*What you are asked to do*: Please return exactly the lines below that run from the line with "Владислав мамышев-монро. Мэрилин" through the end of the listing, both included, but not the pictures.

*Source data*:
- Opening Delimiter -

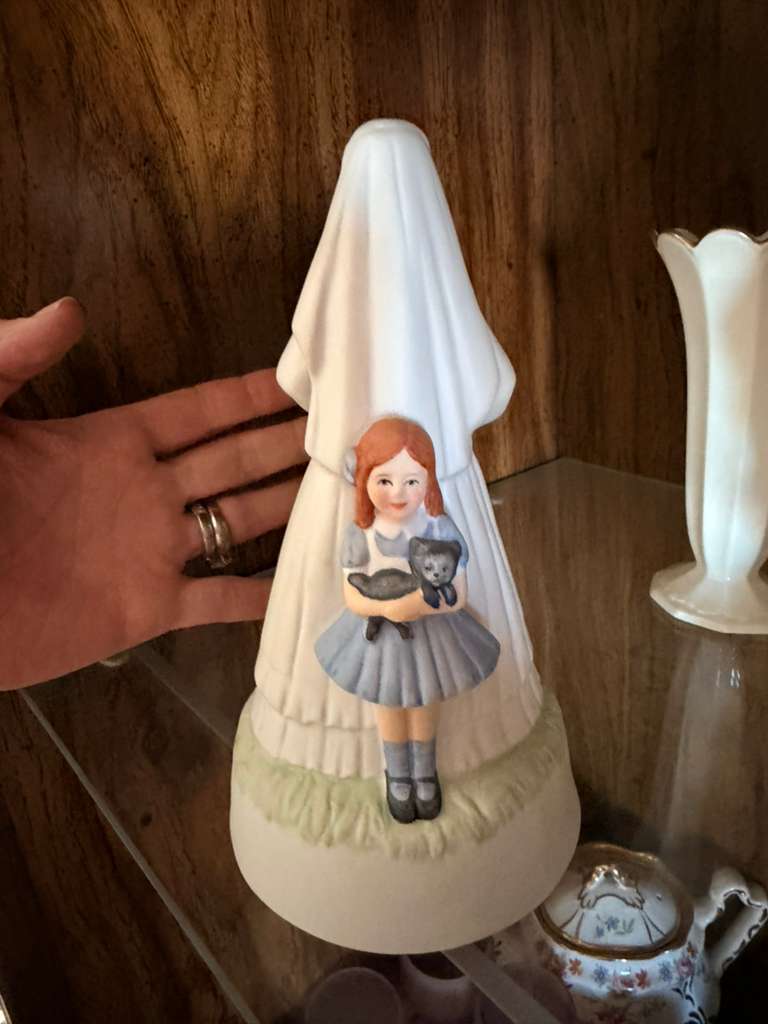 The Bride 1985 International Gallery of Art Porcelain Figurine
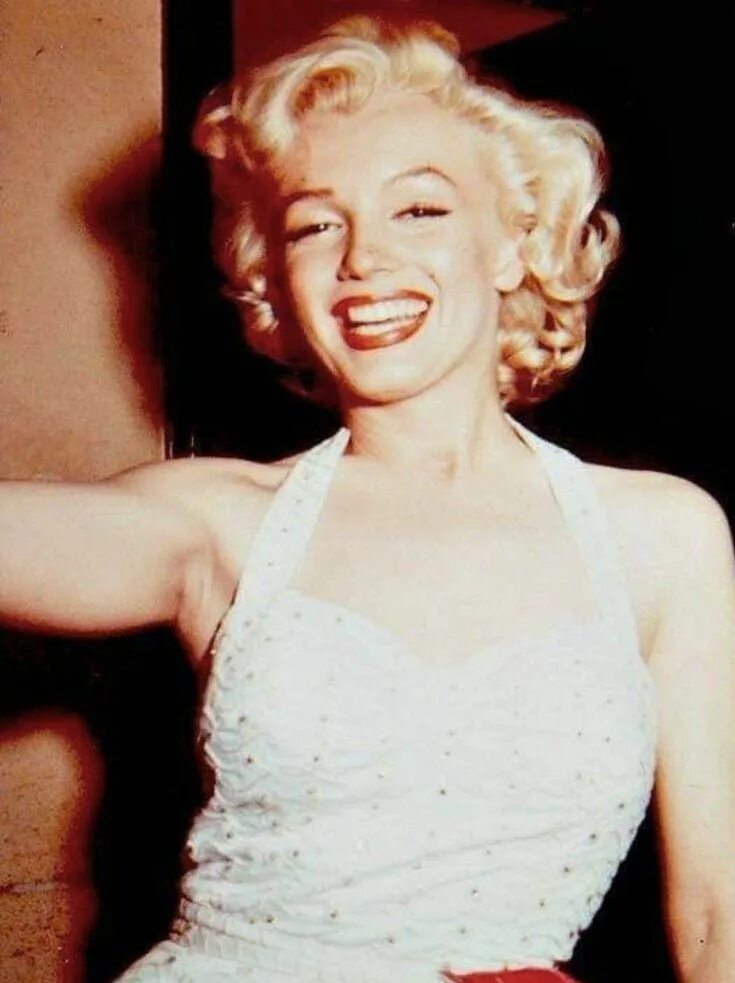 Владислав мамышев-монро. Мэрилин монро на заводе. Бюстгальтер пуля мэрилин монро. Стрижка мерлин монро. Беленький мэрилин монро.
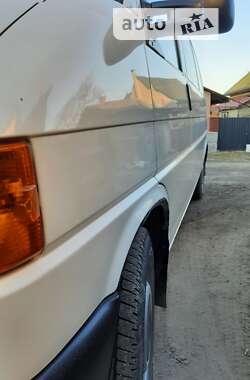 Мінівен Volkswagen Transporter 2001 в Калуші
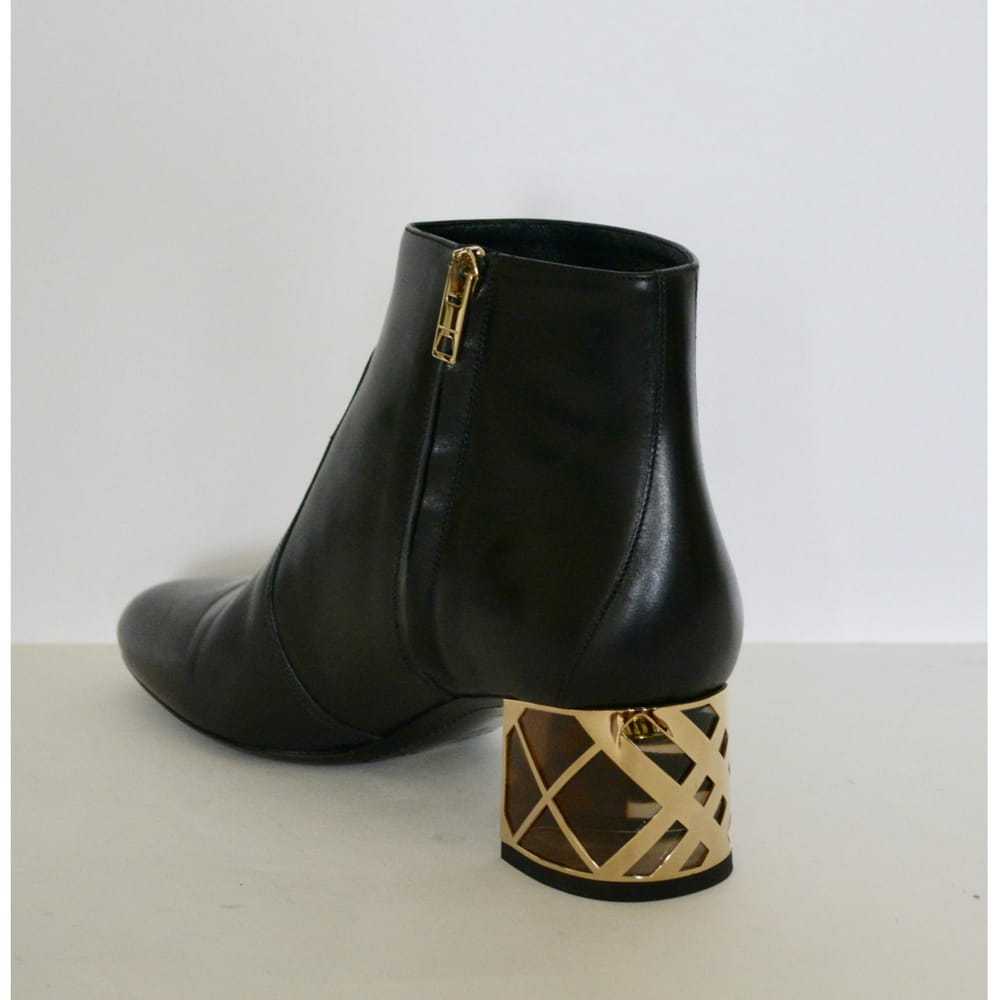 Burberry Leather boots - image 8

- Closing Delimiter -

*Reply*:
 Владислав мамышев-монро. Мэрилин монро на заводе. Бюстгальтер пуля мэрилин монро. Стрижка мерлин монро. Беленький мэрилин монро.
 Мінівен Volkswagen Transporter 2001 в Калуші
 Burberry Leather boots - image 8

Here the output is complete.